If you can write the commands yourself, then the easiest way is to create a text file on your computer and edit it accordingly. Let’s see how to get it right:

Open Notepad, Microsoft Word, or any other text editor on your computer.

Add your robots.txt commands and directives. If you want to include a sitemap in robots.txt, make sure you add it at the very top or at the bottom.

Save the file as ‘robots.txt’. Make sure you use lowercase letters and choose txt as the file extension.

Now, log in to your cPanel or hosting account and upload this file to the root of your domain. If you’re using WordPress, you should upload it to the public_html folder.

How to check robots.txt for errors?

How would you know if your robots.txt is working properly and haven’t blocked any necessary pages?

You can either use Google Search Console or TechnicalSEO.com’s robots txt tester. With Google’s tester, you can only test if it is working properly with Google’s bots and crawlers.

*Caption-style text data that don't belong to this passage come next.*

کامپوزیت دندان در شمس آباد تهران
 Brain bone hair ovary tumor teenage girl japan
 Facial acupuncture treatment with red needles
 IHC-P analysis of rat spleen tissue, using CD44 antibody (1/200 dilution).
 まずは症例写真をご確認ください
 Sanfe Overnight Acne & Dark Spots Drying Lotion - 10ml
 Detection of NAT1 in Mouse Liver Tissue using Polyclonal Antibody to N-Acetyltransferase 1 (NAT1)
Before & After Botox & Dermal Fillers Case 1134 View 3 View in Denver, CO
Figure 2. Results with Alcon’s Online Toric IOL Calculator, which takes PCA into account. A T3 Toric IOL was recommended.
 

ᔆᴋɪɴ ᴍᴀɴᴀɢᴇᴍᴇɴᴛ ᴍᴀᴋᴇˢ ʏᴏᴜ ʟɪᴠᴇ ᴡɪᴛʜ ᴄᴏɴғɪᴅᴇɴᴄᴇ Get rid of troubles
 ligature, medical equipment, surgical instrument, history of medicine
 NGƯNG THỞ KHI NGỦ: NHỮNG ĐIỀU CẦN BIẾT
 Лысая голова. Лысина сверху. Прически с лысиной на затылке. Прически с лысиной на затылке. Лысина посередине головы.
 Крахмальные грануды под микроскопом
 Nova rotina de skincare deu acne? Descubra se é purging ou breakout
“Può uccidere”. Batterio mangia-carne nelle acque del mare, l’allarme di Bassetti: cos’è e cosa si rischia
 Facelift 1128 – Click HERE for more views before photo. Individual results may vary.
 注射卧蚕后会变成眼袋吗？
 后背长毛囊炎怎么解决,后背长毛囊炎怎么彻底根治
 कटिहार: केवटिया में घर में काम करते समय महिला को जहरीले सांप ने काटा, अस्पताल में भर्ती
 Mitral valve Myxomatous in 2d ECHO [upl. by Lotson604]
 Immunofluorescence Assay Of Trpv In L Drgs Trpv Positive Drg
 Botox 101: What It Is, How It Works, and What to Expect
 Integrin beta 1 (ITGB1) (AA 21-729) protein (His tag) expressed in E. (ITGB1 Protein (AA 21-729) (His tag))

To test using TechnicalSEO’s tool, go to this link and enter the URL you want to test, choose the user-agent from the drop-down menu, and click on the ‘TEST’ button. The tool will tell you if your robots.txt is working properly.

We will test the robots.txt of Starbucks for the Googlebot smartphone crawler:

You can see the result in the bottom right corner. Saw the warning sign in line 3? Hover over the warning sign; it’ll tell you the reason. In this case, it tells us that Googlebot Smartphone ignores the crawl-delay directive.

Things you must know about robots.txt

Now that you know all the robots.txt user-agents and directives, you can create a valid robots.txt file on your own. However, there are still a few more critical things you must know about robots.txt.

If you don’t know these things, you may encounter some errors. An error in robots.txt is something that you can’t afford from an SEO perspective.

Here you go:

Case sensitivity can cause errors

The names of user-agents and the robots.txt directives are not case sensitive but the file name and the directive values are. For example, if you use Disallow: /case-studies/, search engines will still crawl /Case-studies/.

Also, if you use an uppercase letter in the file name, it just won’t work. All the characters in the filename should be lowercase, and the file extension must be txt.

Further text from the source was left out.